We have continued to work on designing a version of SuperLU, our parallel sparse Gaussian elimiation algorithm, for distributed memory machines. The big bottleneck in making the current sequential and shared-memory codes work on distributed memory is their need for fine grain communication, synchronication, and load balancing, as well as their use of a 1D data layout. To overcome these problems, we have decided not to pivot dynamically. This will let us statically layout the data in a 2D fashion, load balance it, and schedule the communication, i.e. enjoy all the benefits of parallel sparse Cholesky. But not pivoting dynamically requires several techniques to retain stability. These include prepivoting to put large entries on the diagonal, setting tiny pivots to larger values and correcting later either with the Sherman-Morrison-Woodbury formula or iterative refinement, and use of mixed precision (higher precision when there is pivot growth). Initial experiments indicate that these techniques can retain stability in nearly all cases of interest.

High Performance Sparse Matrix-Vector Multiplication.

We are working towards developing high performance sparse matrix-vector multiply codes for CLUMPs. Sparse matrix-vector multiplication is a core part of many applications --- including large scale iterative and eigenvalue solvers. Although much work has been done on optimizing sparse matrix vector multiplication for uniprocessors and distributed memory machines, there has been less work on optimizations for SMPs and CLUMPs. Preliminary tests on a single SMP show that careful partitioning is necessary not only on distributed memory machines, but also between the nodes of one SMP. In addition, on a single SMP, the single processor performance appears to be a bottleneck. We plan to continue tests on SMPs and CLUMPs, and also to work on improving single processor performance.

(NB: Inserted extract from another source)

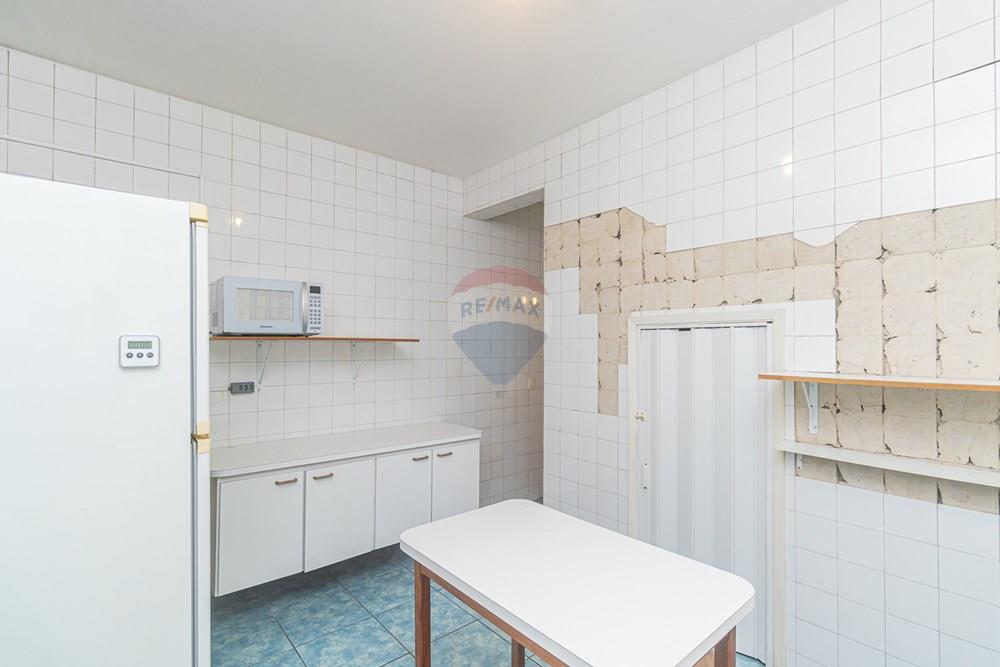 Casa - Venda - São Paulo , São Paulo - 01fotos_012.jpg - 602011086-7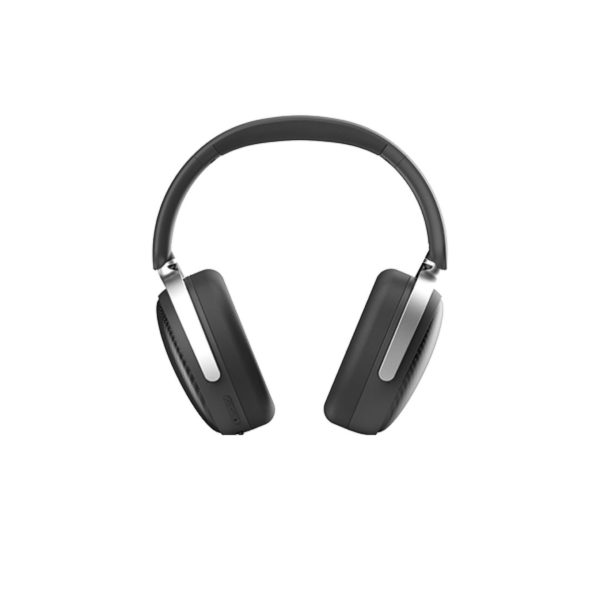 A4TECH Fstyler BH350C ANC Wireless Headphone - Image 6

Multiprotocal MPI for CLUMPs

Passing messages through shared memory plays an important role on symmetric multiprocessors. Messages can manage asynchronous data transfers, can serve to serialize operations on complex data structures, and can provide an attractive uniform interface for programming clusters of SMP's. The management of concurrent access to message queues is an important aspect of design for shared memory message-passing systems. Using both microbenchmarks and applications, this paper compares the performance of concurrent access algorithms for passing active messages on a Sun Enterprise 5000 server. The paper also presents a new lock-free algorithm that provides many of the advantages of non-blocking algorithms while avoiding the overhead necessary for true non-blocking behavior. The lock-free algorithm couples synchronization tightly to the data structure and demonstrates application performance superior to all others studied. The success of this algorithm implies that other practical problems might also benefit from a reexamination of the non-blocking literature.

A paper listed in the last quarterly report, "Multi-Protocol Active Messages on a Cluster of SMP's", by S. Lumetta, A. Mainwaring and D. Culler, has been accepted for publication in SuperComputing 97.

Another paper by S. Lumetta, and D. Culler, "Managing Concurrent Access for Shared Memory Active Messages," has been submitted to IPPS/SPDP 1998.